Extensive Math Warning!

Loading...

TreeQN AND ATreeC

TreeQN AND ATreeC

n-step Q-Learning with synchronous environment threads.

Starting at a timestep $t$, we roll forward $n_{env} = 16$ threads for $n=5$ timesteps each. We then bootstrap off the final states only and gather all $n_{env} \times n = 80$ transitions in a single batch for the backward pass, minimising the loss:

\[\mathcal{L}_{\text{nstep-Q}} = \sum_\text{envs} \sum_{j=1}^n \left ( \sum_{k=1}^j [\gamma^{j-l}r_{t+n-k}] + \gamma^j \max_{a'} Q(s_{t+n}, a' , \theta^{-}) - Q (s_{t+n-j}, a_{t+n-j},\theta)\right)^2.\]

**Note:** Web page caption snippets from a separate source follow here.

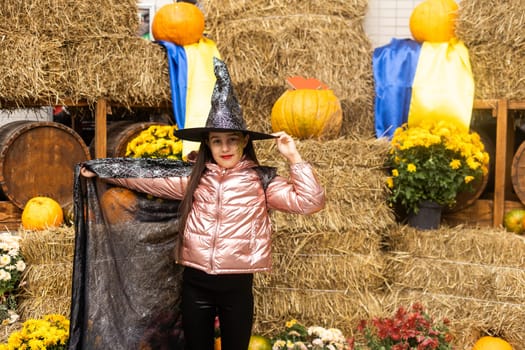 caucasian teenage girl in traditional witch or wizard hat, halloween outside costume, fancy dress party.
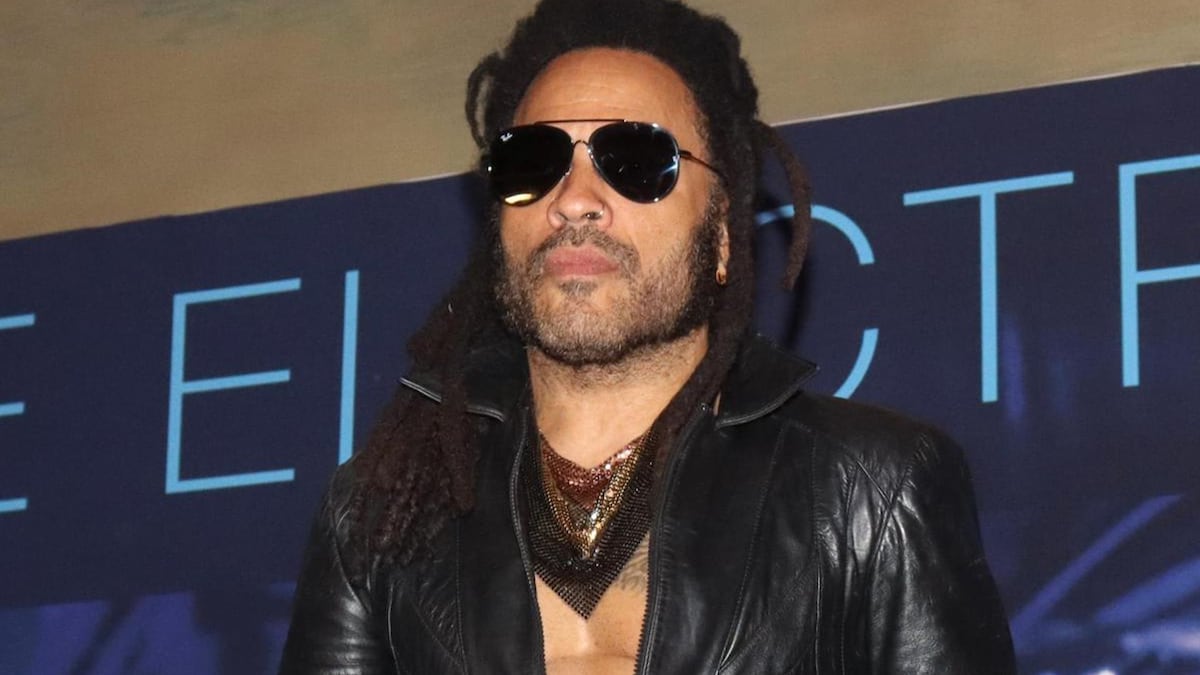 Lenny Kravitz works out in leather pants and boots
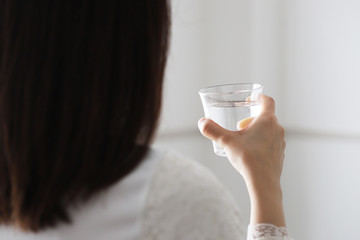 水分補給のためコップ一杯の水を飲む女性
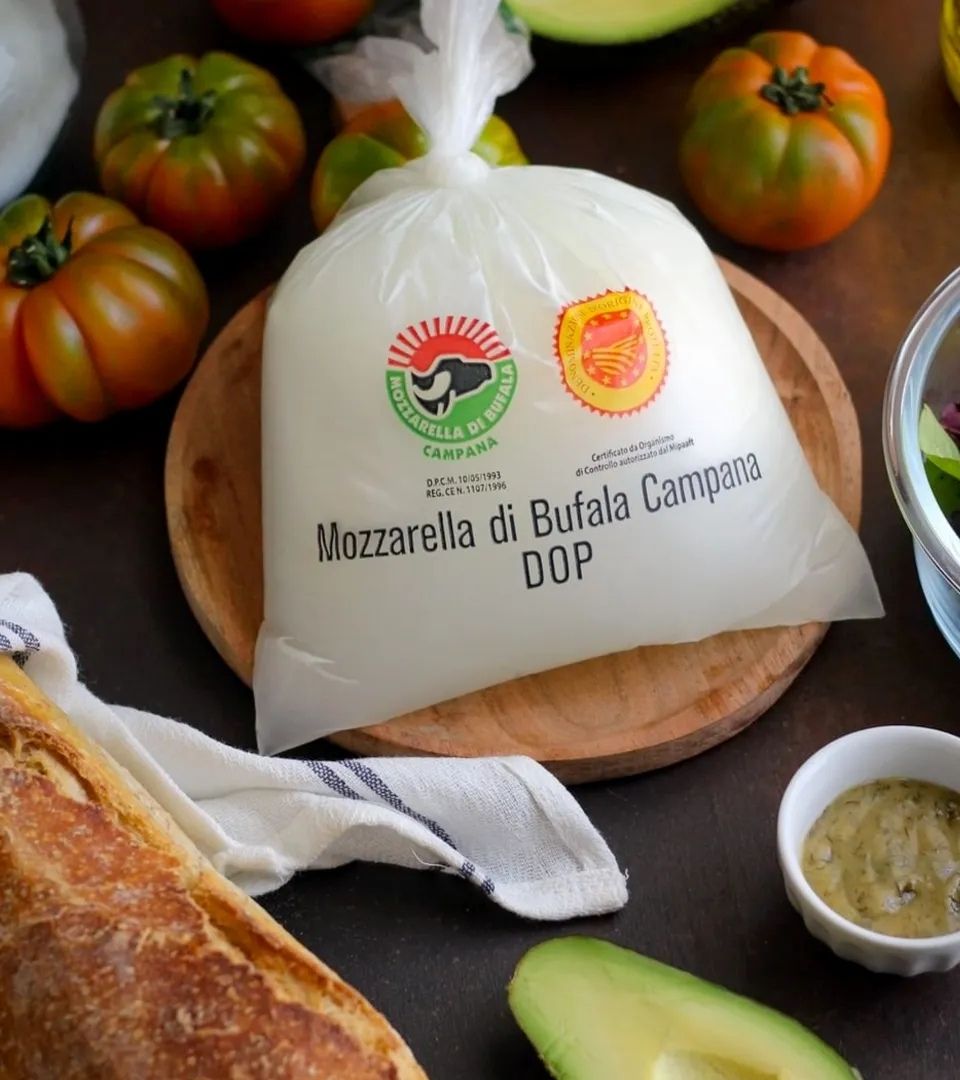 Mozzarella di Bufala Campana DOP in its official Consorzio-trademarked packaging, the only legally protected name for authentic buffalo mozzarella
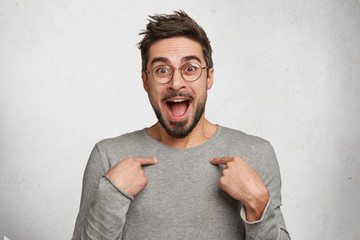 Is it really I? Excited overjoyed male reacts actively on winning competition, points at himself,...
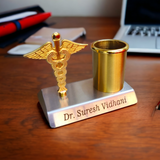 Customized Golden Pen Stand With Doctor
Logo -  Name Plate for Doctor - Best Gift For Doctors - Doctor Name Plate - Personalized Gift For Dr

If the episode terminates we use the remaining episode return as the target, without bootstrapping.

nstepqlearning

The algorithm’s actor-critic counterpart is A2C, a synchronous variant of A3C in which a policy $\pi$ and state-value function $V(x)$ are trained using the gradient:

\[\Delta\theta = \sum_\text{envs} \sum_{j=1}^n \nabla_{\theta_\pi} \log \pi (a_{t+n-j} \mid s_{t+n-j}) A_j (s_{t+n-j},a_{t+n-j}) + \beta \nabla_{\theta_\pi} H(\pi(s_{t+n-j}) \\ + \alpha \nabla_{\theta_V} A_j(s_{t+n-j},a_{t+n-j})^2\]

Where $A_j$ is an advantage estimate given by $\sum_{k=1}^j \gamma^{j-k} r_{t+n-k} + \gamma^j V(s_{t+n}) - V(s_{t+n-j})$, $H$ is the policy entropy, $\beta$ is a hyperparameter tuning the degree of entropy regularization, and $\alpha$ is a hyperparameter controlling the relative learning rates of actor and critic.

Which is just a way of applying the gradient update with:

\[\begin{aligned} \theta' &\colon d \theta \leftarrow d \theta + \nabla_{\theta'} \log \pi(a_i \mid s_i ; \theta')(R - V(s_i;\theta_v')) \\ \theta_v' &\colon d \theta_v \leftarrow d \theta_v + \partial(R - V(s_i;\theta_v'))^2 / \partial \theta_v' \end{aligned}\]

on the n-step, synchronous setting.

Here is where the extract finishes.